Sunday 3 March 2013

Cyril Scott - Great, Forgotten English Composer and Theosophist

Very few English people know of the "founder of British modern music" Cyril Scott (1879-1970). I suspect this is partly because the English have a deep inferiority complex about their abilities as 'high artists'. We are always prone to assume that a great painter is more likely to be Italian or French, a great composer to be German. When Europeans mock English art, we are often quick to join in with a touch of self-flagellation!

Scott was a virtuoso pianist and composer. Like many serious artists he wrote 'pot-boilers'. One of these is nonetheless an immortal work. Lotus Land (1905) was immensely popular in its time. A dreamy, somewhat Oriental piece for solo piano, it has the effect - like Satie - of putting the performer in a trance while playing it. The famous violinist Fritz Kreisler arranged it for violin and piano - a wonderful original recording of Kreisler playing Lotus Land may be heard here, if you can wait for 30 seconds of advertisement. It is an easy, delightful piece to play on piano especially if you have big hands.

Few have any idea how the great musical inspirations of that time pervade our music. Here is one example. Listen to John Coltrane's A Love Supreme - Resolution (live footage of the master himself) and you will hear the same mode, chords, even the same key as Lotus Land. This is not coincidental. The advanced harmony of French Impressionist music like Debussy, Ravel and Satie entered modern Jazz to pervade the 1950s and 1960s work of Miles Davis, Bill Evans, Coltrane etc. And so did the deep spiritual influences within this music. 

Scott was very much a part of the turn of the century ferment of music, art and spirituality. Like many artists of his time, Cyril Scott was a Theosophist. And this is probably why the English establishment could not relate to him as to a national treasure like Ralph Vaughan Williams or an obviously 'important' composer in historical terms like Benjamin Britten. (RVW was a great composer, but he exemplified an 'Englishness' that tends to make him inaccessible to mainstream European sentiment. Britten, a prodigious genius, will be the subject of a later blog). 

Alongside his prolific musical career, Scott wrote books on occultism, nutritional theory and other subjects; he was also a poet. Some idea of his range can be gained from this website. Scott is best known for his trilogy of works beginning with The Initiate, written in 1920. I have just reread The Initiate and it is without doubt one of the best of all Theosophical books. The first half is a series of impressions of an advanced English yogi with deep knowledge of Yog Vidya, referred to under the pseudonym of Justin Moreward Haig. JMH operates as a kind of benevolent trickster in English high society, cajoling people into discovering the happiness that comes from acknowledging unity, identification with the soul within, and abandoning vanity and selfishness, which then leads naturally on to spiritual practice.
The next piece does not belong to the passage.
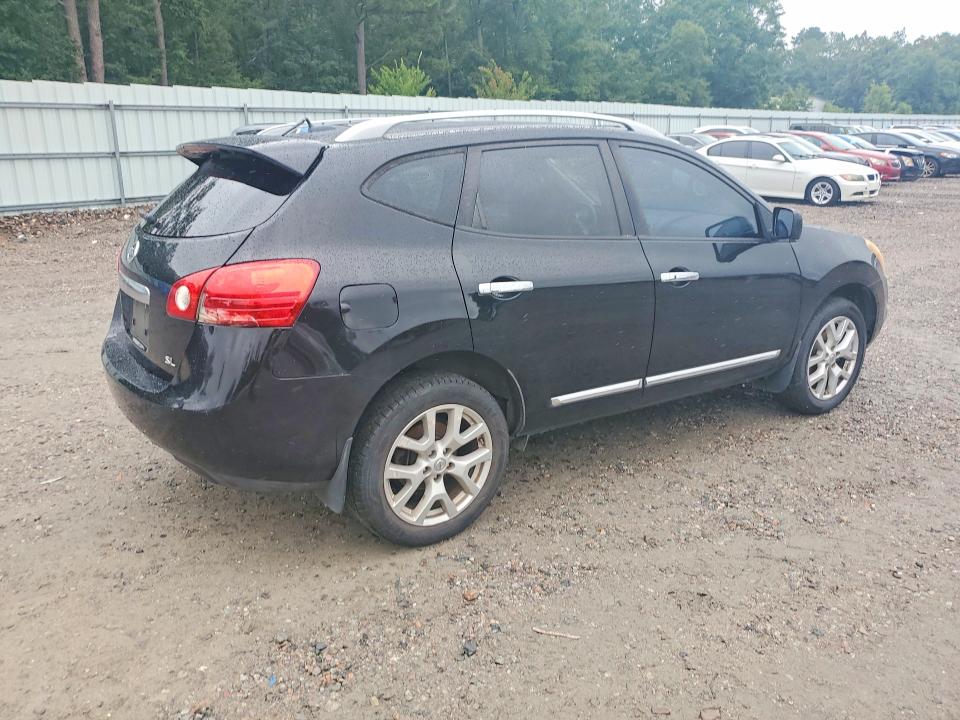 Photo 3 from auction – 2012 NISSAN ROGUE with VIN JN8AS5MT1CW254564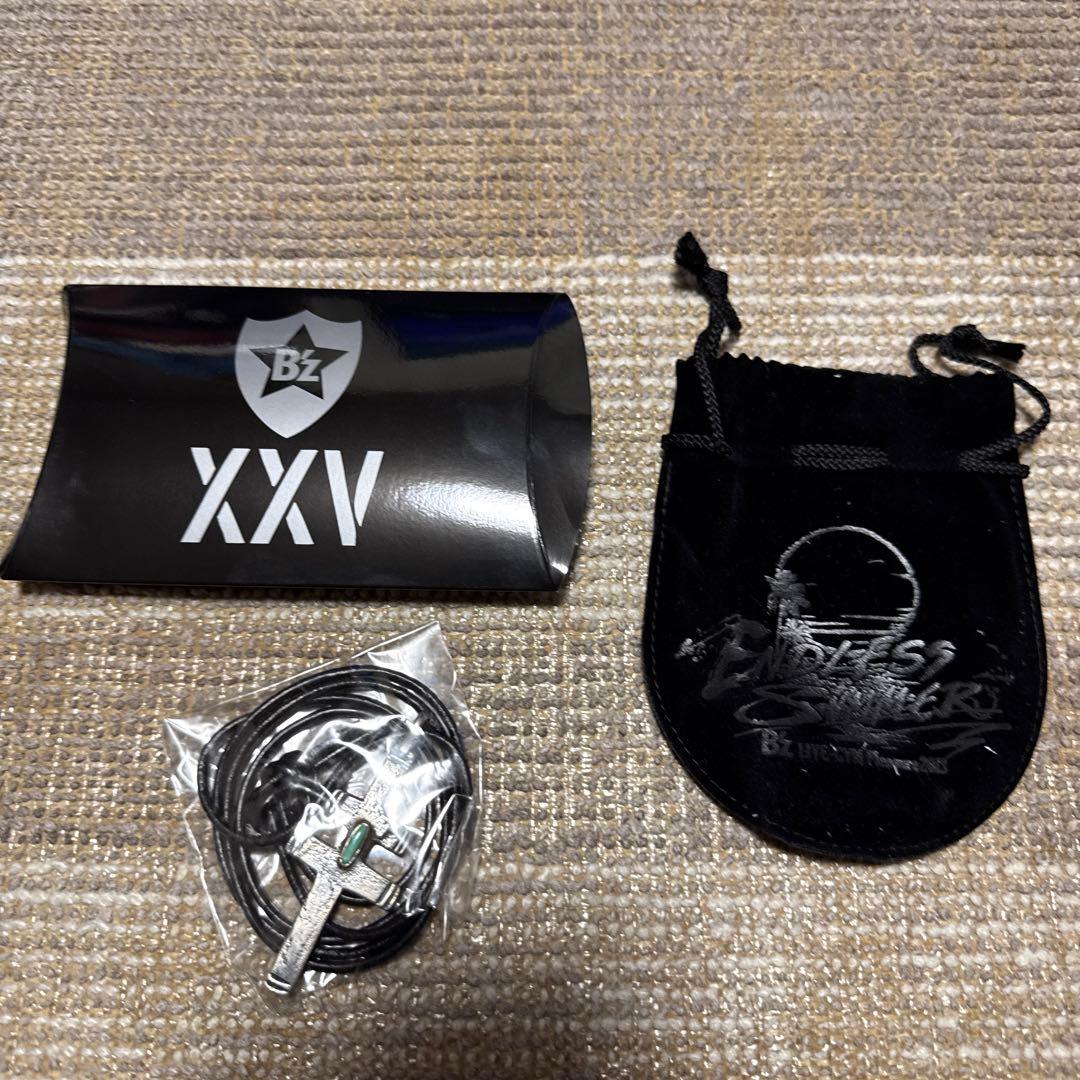 B'z Pleasure 2013 ダブルクロスペンダント　Takモデル松本孝弘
Fascinatingly, one of his main targets was sexual jealousy and the rigid English fear of expressing love, at least in England circa 1910. The second half is a magical parable or fairytale called The Circuitous Journey. 

JMH comes across as a philosopher-sage, a very English Boddhisattva. To this day, rather like Castaneda's Don Juan, speculation rages as to whether there was any such person as JMH. But the proof of the pudding is that his personality rings true. This book, and its two successors The Initiate In the New World, and The Initiate In The Dark Cycle, were written when the Theosophical Society seemed to be going through a crisis. Annie Besant and C. W. Leadbeater had announced that the young Indian boy Krishnamurti was the mouthpiece of the World Teacher. The Theosophists conflated this concept with the coming of the Maitreya and in a way with the reappearance of Christ, as so often using the name Christ word with a sneakily tweaked Theosophical meaning. Up to 250,000 people joined the Order of the Star of the East before Krishnamurti himself declared he was not who all these people thought he was and disbanded the order in 1929. 

Great western occultists like Rudolf Steiner and Dion Fortune ultimately left the Theosophical Society because of this unfortunate direction. To this day the New Age influenced by pop-Theosophy churns out all kinds of rubbish in the holy names of Christ and Maitreya. Yet there were those within Theosophy who tried to keep the Society to its original course. Scott and his circle were among the best.

The fate of the Theosophical Society and its relation to the substantially failed New Age movement is another story. Yet to return to the criminal neglect of Cyril Scott: it must be said, the English are barbarians. Lacking the brilliant intellectual culture of the Scots, the incomparable verbal dexterity and arch playfulness of the Irish, and the mysticism of those who self-identify as Celts, our culture is a mystery. The English can either be visionaries or total materialists; we are not thinkers, but we are inspired inventors. Without the Bible, poetry and some sense of connection to the stories of our land, we perish. I wish it were not so, but there it is. 

The English must return to William Blake and the 'mad' religious poets; to Shakespeare and then to the Romantics; and above all to its folk tradition. It must rediscover its Arthurian and Christian Mystic roots and thus, taking its place in Christendom, go forth to meet the East in fraternity. There is a finite time this can be accomplished. Albion, awake!